PLAYERS: 1-2 alternating



GENRE: Shooter



Super Tank made me ask the question, “Why am I playing this?” more times than I’d like to admit. I mean, I knew why I was playing the game. I agreed to review every game on every Sega console, and by gar, I’m stickin’ to it. Rather my question digs at Super Tank‘s reason for being: why was this game ever released? The sludgy controls, faded denim graphics, and half-working mechanics hearken back to the SG-1000’s beginnings, not its surprisingly solid latter years.

In Super Tank, you control a tank whose “super” status is faulty at best.

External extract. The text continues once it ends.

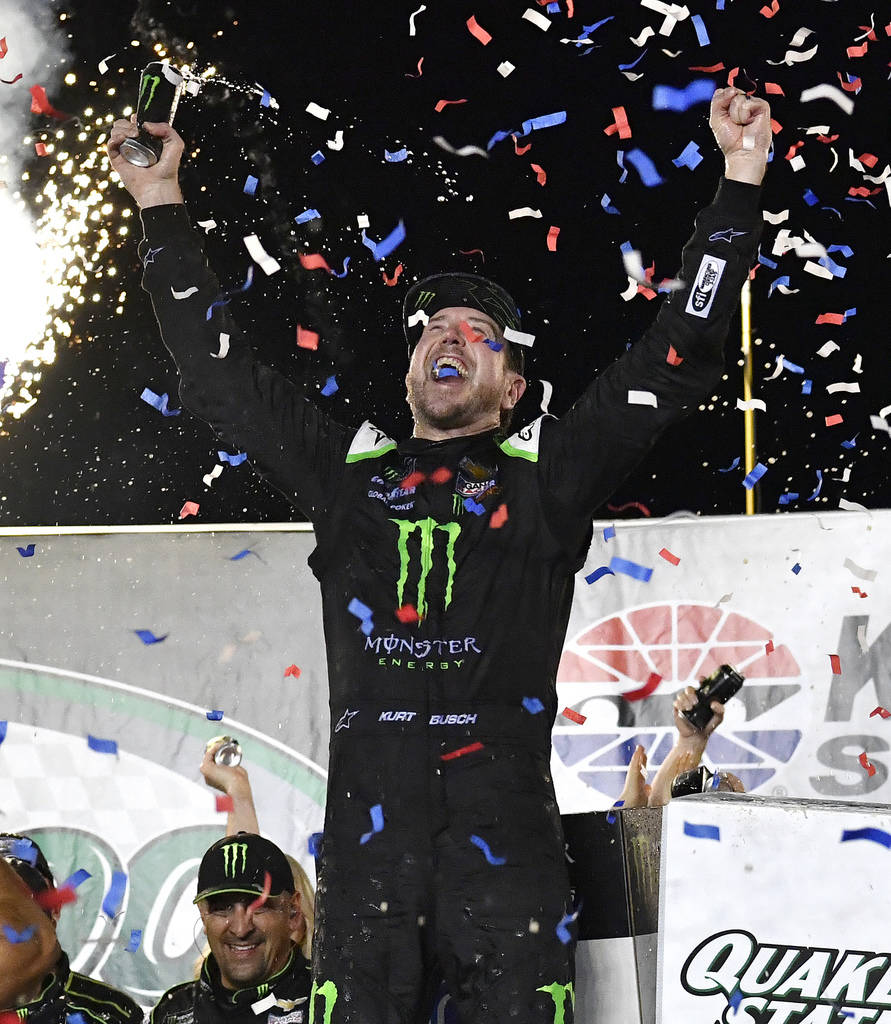 Kurt Busch celebrates his win in the NASCAR Cup Series auto race at Kentucky Speedway in Sparta ...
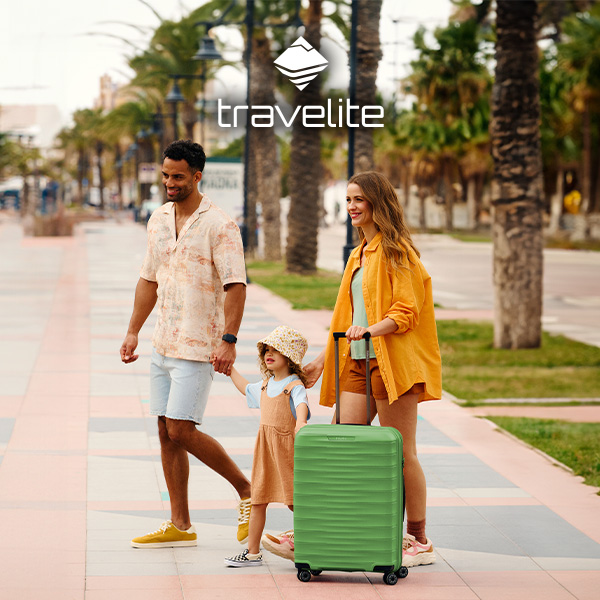 Familie beim Spaziergang mit Travelite-Koffer an der Promenade Familie spaziert an einer sonnigen Promenade, trägt sommerliche Kleidung und zieht einen grünen Travelite-Koffer hinter sich her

Its “powers” range from shooting directly in front of him (button 2), to shooting in any direction (button 1), to launching missiles that may or may not fly and land in the direction you point them (both buttons). These attacks get the job done, for the most part, but you can never fire fast enough to satsify the oncoming enemy military. Tanks, helicopters, mechs and other assorted vehicles will never stop coming. If you make a point to destroy every enemy you see on the screen at any given time, ten more will emerge to take their place. I suppose that’s war, but the problem with this onslaught is that there’s no reason for it. If you wanted to, you could move your tank past the enemy forces and progress to the boss with little trouble. There’s no objectives and no time limit. So unless you want to keep firing at the same repeating tanks, at some point, you’re probably going to get fed up and move on.


Super Tank (Japan)001

                         This here’s your boss.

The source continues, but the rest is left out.